**Instructions for the task**.
For this exercise, restate word for word only the lines from the one containing "ビッグコミックオリジナル　2017年22号(2017年11月4日発売)" through the last line below. Pictures do not get copied.

(Pictures with short captions)
========================================================================

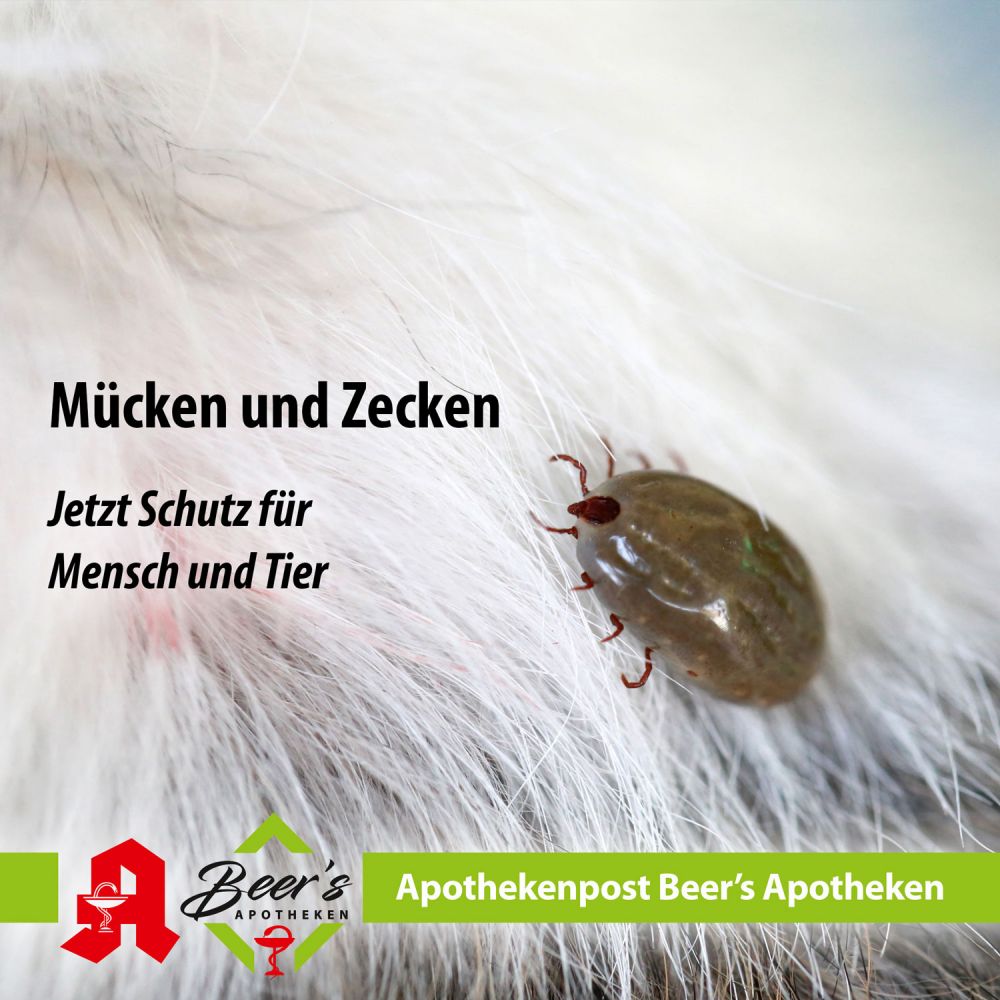 Jetzt Schutz für Mensch und Tier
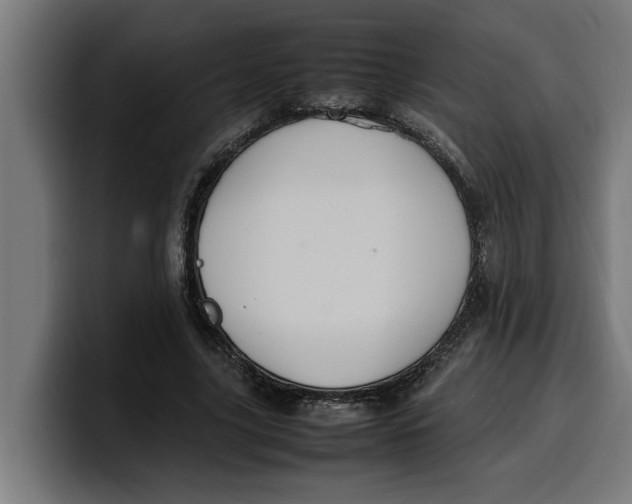 X0000099980635200806131400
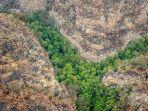 ratusan-pohon-dinosaurus-di-australia-selamat-dari-kebakaran-hutan.jpg
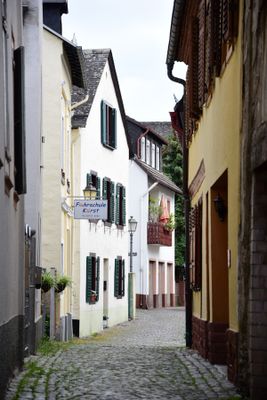 Rudesheim21.jpg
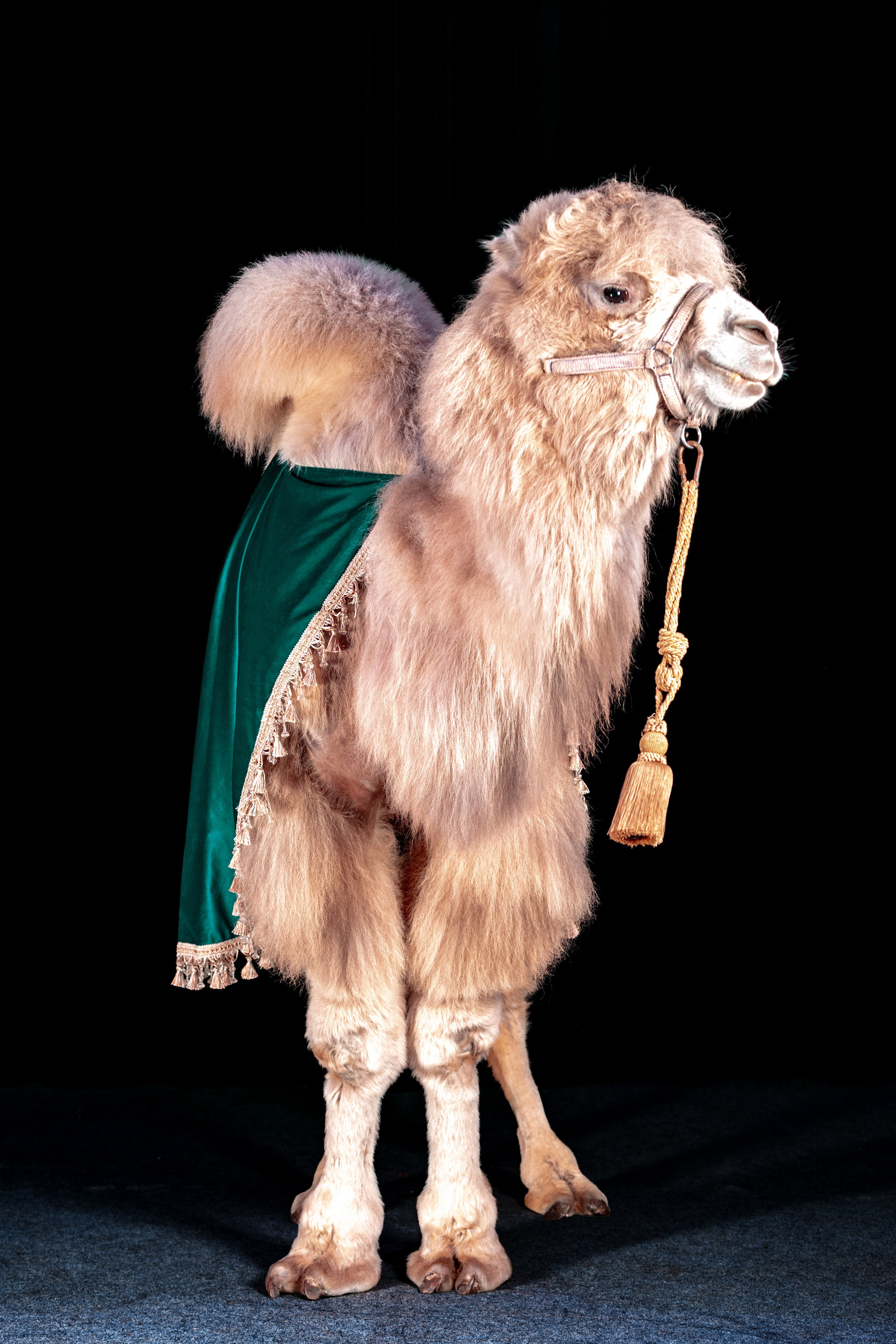 SHUSTOVI/ANIMALS. Sveta GOSHTAUTAS фотограф Пермь
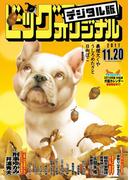 ビッグコミックオリジナル　2017年22号(2017年11月4日発売)
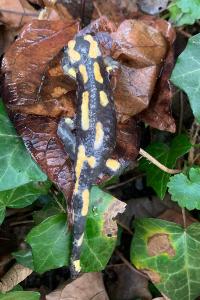 Salamandre tachetée 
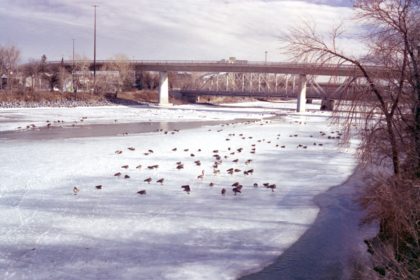 geese on ice on the Bow River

========================================================================

**Exercise solution**.
 ビッグコミックオリジナル　2017年22号(2017年11月4日発売)
 Salamandre tachetée 
 geese on ice on the Bow River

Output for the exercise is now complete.